Take the lines below from the one with "Quick Count, Dalice" through the one with "Brush - Stewarts" and retype them exactly. Include nothing else, and no pictures.

-- Task input follows --

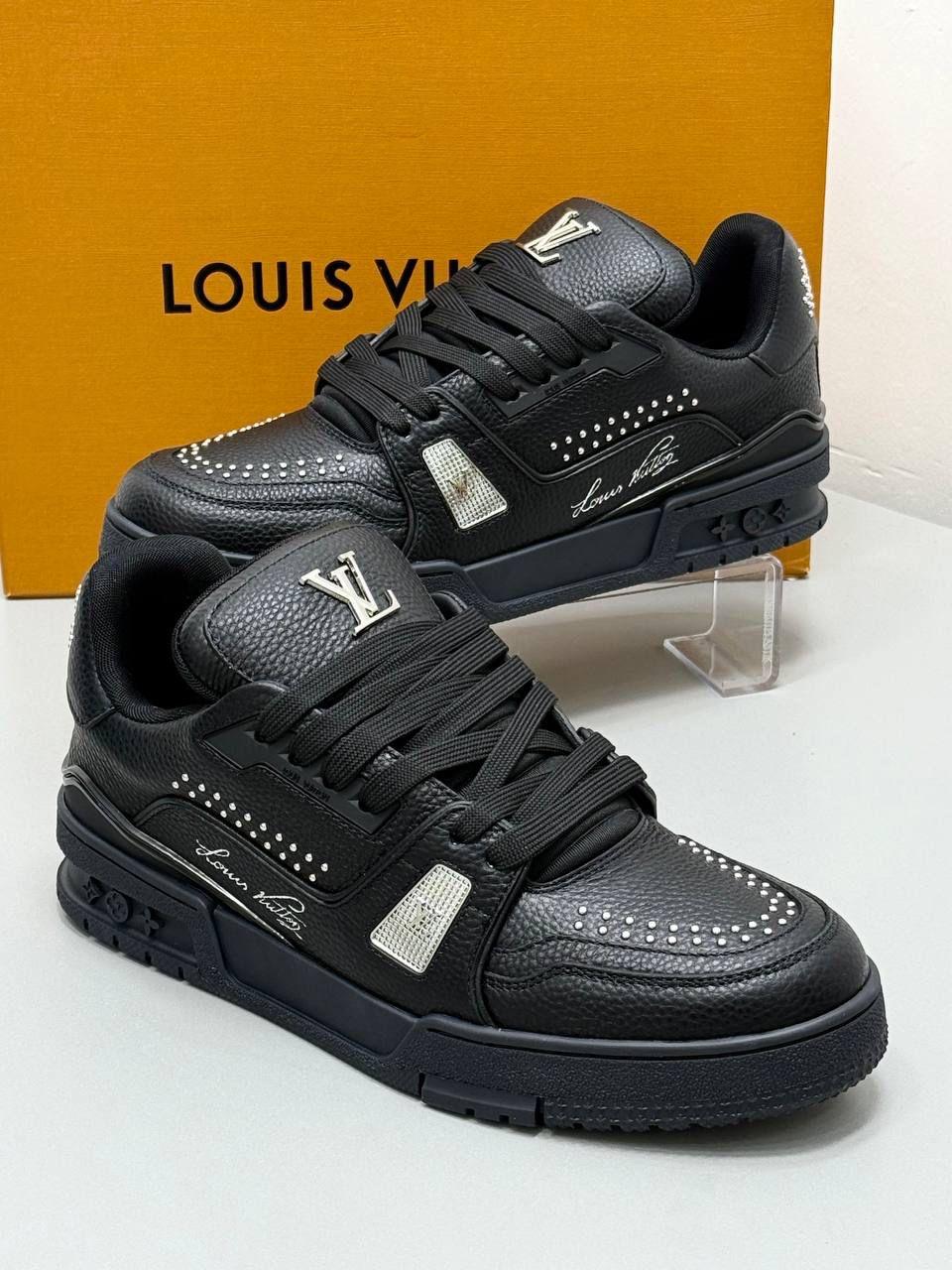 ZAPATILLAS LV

-- Task input concluded --
-- Task input follows --

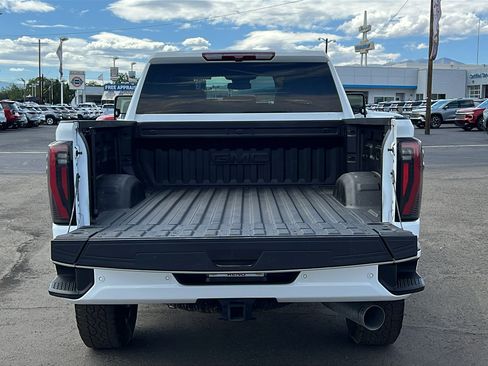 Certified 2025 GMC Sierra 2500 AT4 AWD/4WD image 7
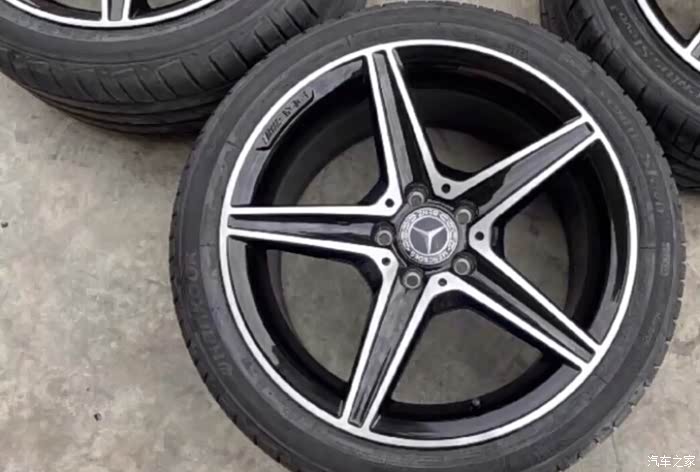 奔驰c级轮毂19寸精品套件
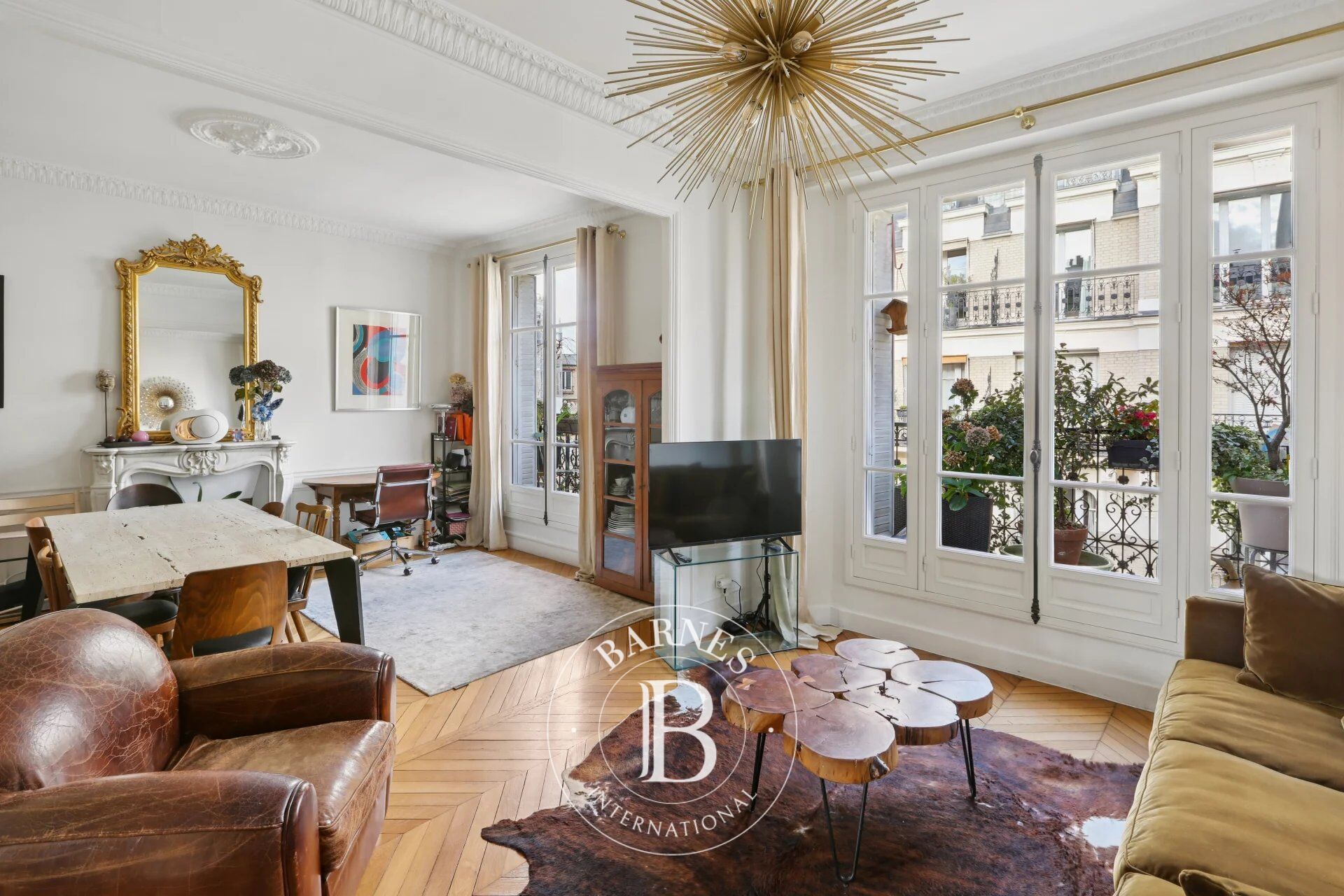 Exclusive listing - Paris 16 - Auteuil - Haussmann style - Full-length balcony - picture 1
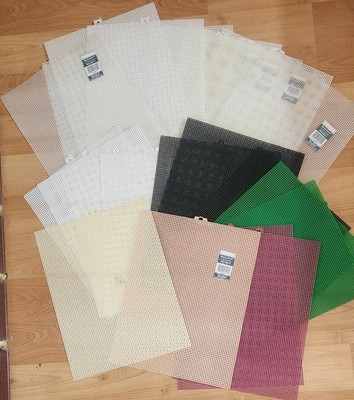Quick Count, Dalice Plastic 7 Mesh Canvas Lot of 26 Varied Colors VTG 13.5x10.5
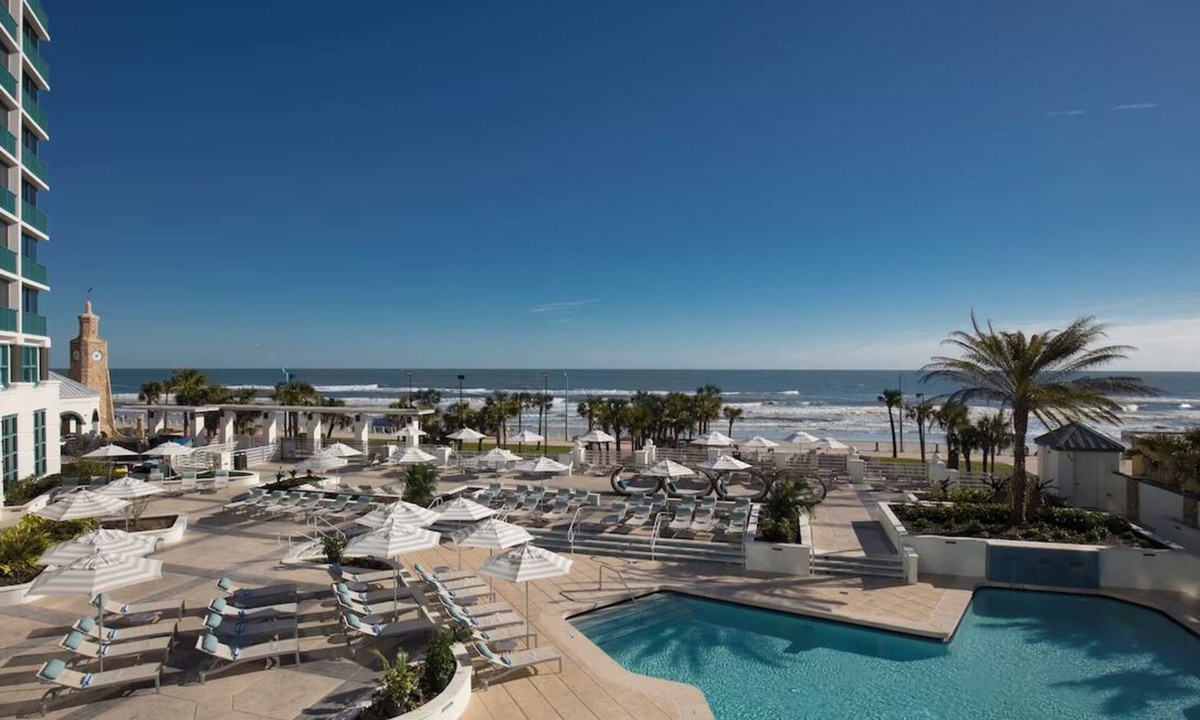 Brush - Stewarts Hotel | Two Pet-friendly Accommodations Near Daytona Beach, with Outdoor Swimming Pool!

-- Task input concluded --

*Written solution*
Quick Count, Dalice Plastic 7 Mesh Canvas Lot of 26 Varied Colors VTG 13.5x10.5
 Brush - Stewarts Hotel | Two Pet-friendly Accommodations Near Daytona Beach, with Outdoor Swimming Pool!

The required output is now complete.